Abstract

There is a need for better noninvasive remote monitoring solutions that prevent hospitalizations through the early prediction and management of heart failure (HF). SurveillanCe and Alert-Based Multiparameter Monitoring to ReducE Worsening Heart Failure Events (SCALE-HF 1) evaluated the performance of a novel congestion index that alerts to fluid accumulation preceding HF events. SCALE-HF 1 was a multicenter, prospective, observational study investigating HF event prediction using data from the cardiac scale. Participants with HF took measurements at home by standing barefoot on the scale for approximately 20 seconds each day. The congestion index was applied retrospectively, and an alert was generated when the index exceeded a fixed threshold established in prior studies. HF events were defined as unplanned administration of IV diuretics or admissions with a primary diagnosis of HF. Sensitivity was defined as the ratio of correctly identified HF events to the total number of HF events.

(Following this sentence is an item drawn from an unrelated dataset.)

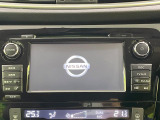 【純正ナビ】人気の純正ナビを装備。オーディオ機能も充実しており、Bluetooth接続すればお持ちのスマホやMP3プレイヤーの音楽を再生可能!毎日の運転がさらに楽しくなります!!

We enrolled 329 participants (mean age 64 ± 14 years; 43% women; 32% Black; 56% with reduced ejection fraction) across 8 sites with 238 participant-years of follow-up and 69 usable HF events. The congestion index predicted 48 of the 69 HF events (70%) at 2.58 alerts per participant-year. In contrast, the standard weight rule (weight gain of >3 lb in 1 day or >5 lb in 7 days) predicted only 24 of the 69 HF events (35%) at 4.18 alerts per participant-year. The congestion index alerts had a significantly higher sensitivity (P < .01) at a lower alert rate than the standard weight rule. The congestion index alerts demonstrated sensitive prediction of HF events at a low alert rate, significantly exceeding the performance of weight-based monitoring. NCT04882449.